City-scale solutions for the energy use of shallow urban subsurface resources – Bridging the gap between theoretical and technical potentials

Abstract One solution for reducing the current consumption of fossil fuels is a more frequent use of shallow geothermal energy. However, particularly regarding urban subsurface resources, increased use conflicts are predictable. Consequently, reasonable exploitation of subsurface resources requires an assessment of technologically achievable energy potentials with scientific based tools. We present application-oriented management tools which target on deriving shallow subsurface energy potentials. 3D groundwater flow and heat-transport models are used to capture groundwater flow and heat-transport dynamics on the city- and quarter-scale, 2D box models are used to quantify technically feasible extraction rates of well doublets for groundwater heat pump systems. For Basel (Switzerland), prospective large theoretical energy potentials can be derived for areas with high advective heat flux and high temperature gradients.

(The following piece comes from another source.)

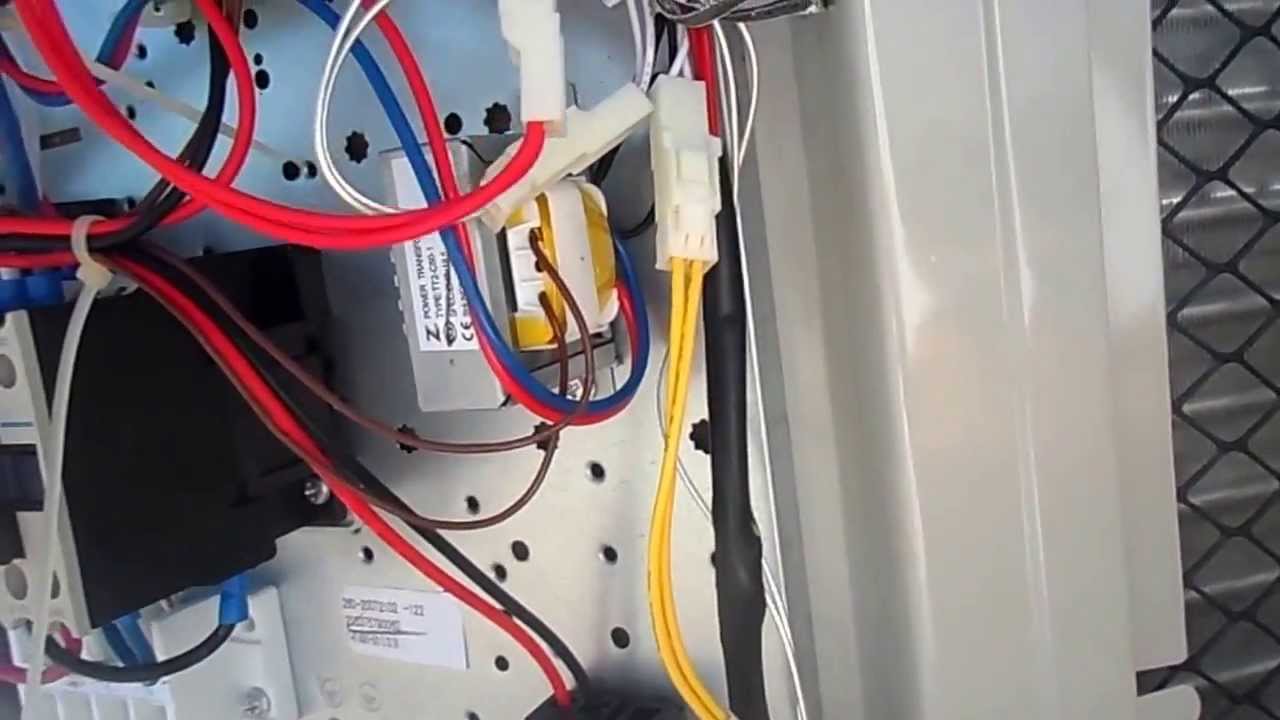 instalación de 15000 frigorías piso techo split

Likewise, single city quarters are suitable for “active” thermal use with well doublets, whereas thermal power potentials reach 1.2 MW. Regarding “passive” installations of energy absorbers in subsurface structures located within the groundwater, energy potentials amount to 4 and up to 40 W m−2. The assessment results can be integrated into urban energy plans and support architects, city planners and potential users to acquire initial site-specific information on the technical feasibility of shallow geothermal energy systems.